The third submission will be that the sentence imposed by the Committee in Parliament constitutes inhuman and degrading punishment. Applicant’s Counsel will submit that the sentence imposed is grossly disproportionate in at least 4 respects:
· The Applicant was convicted of, essentially, common assault. A prison term of 15 months with labour is grossly excessive for such a crime. The severity of the sentence strongly suggests that it was retributive, indeed vindictive in nature.
· The sentence takes no account whatsoever of the fact that the Applicant acted in the heat of the moment and in response to severe provocation.

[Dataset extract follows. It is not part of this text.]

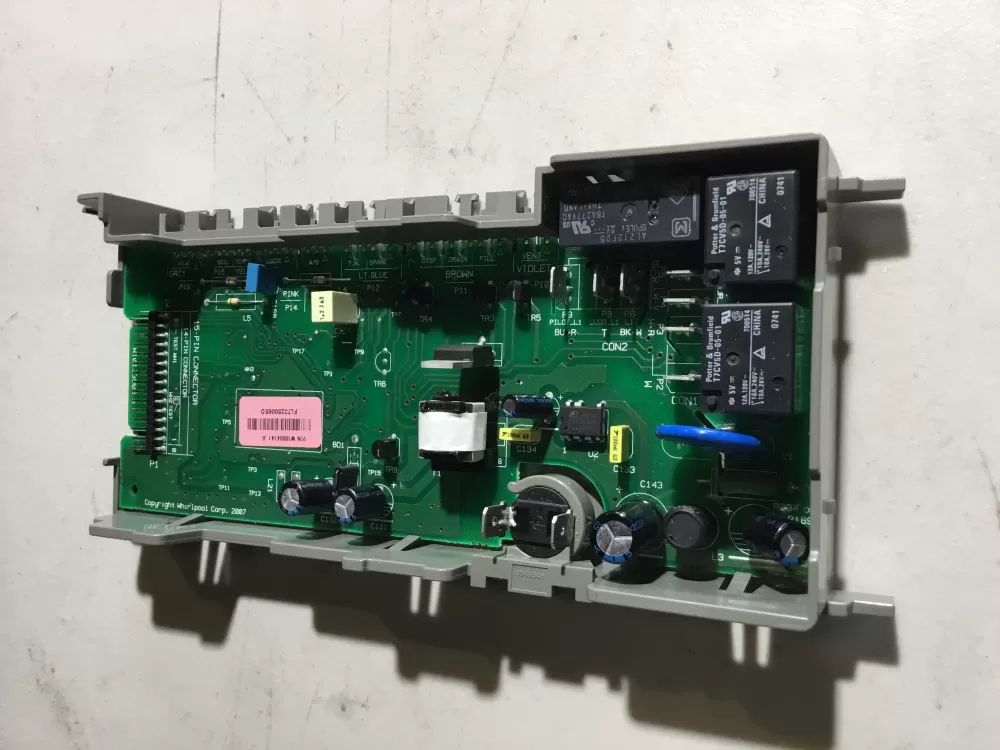Kenmore KitchenAid W10084141 Dishwasher Control Board AZ37983 | NR8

· The sentence given to the Applicant exceeds the maximum allowable sentence.
· The imprisonment of the Applicant did not only result in his loss of freedom, but also resulted in the members of his constituency losing their lawfully and democratically elected representative in Parliament.
This is an infringement of Section 15 of the Constitution of Zimbabwe which provides that “no person shall be subjected to torture or to inhuman or degrading punishment or other such treatment”.
Part 2 of Applicant’s submission will address the Applicant’s constitutional challenge to the Privileges, Immunities and Powers of Parliament Act itself. It will be argued that Section 16 of the Privileges, Immunities and Powers of Parliament Act violates the constitutional principle of separation of powers between legislature and judiciary and is accordingly invalid.
4. Relief sought
The relief sought is the following:
(a) That the proceedings of the first to sixth respondents (Emmerson Dambudzo Mnangagwa, Paul Mangwana, Joyce Mujuru, Chief Mangwende, Welshman Ncube and Tendai Biti) are inconsistent with the Constitution of Zimbabwe and therefore invalid.
(b) Declaring Section 16 of the Privileges, Immunities and Powers of Parliament Act Chapter 2:08 to be inconsistent with the Constitution of Zimbabwe and invalid.
(c) Directing that the first, second, third and fourth respondents (Mnangagwa, Mangwana, Mujuru, Mangwende) pay the Applicant’s cost of suit.
(d) Should the relief sought by Applicant’s Counsel be granted, this will necessitate Bennett being released (assuming the Government of Zimbabwe abides the decision of its own Supreme Court).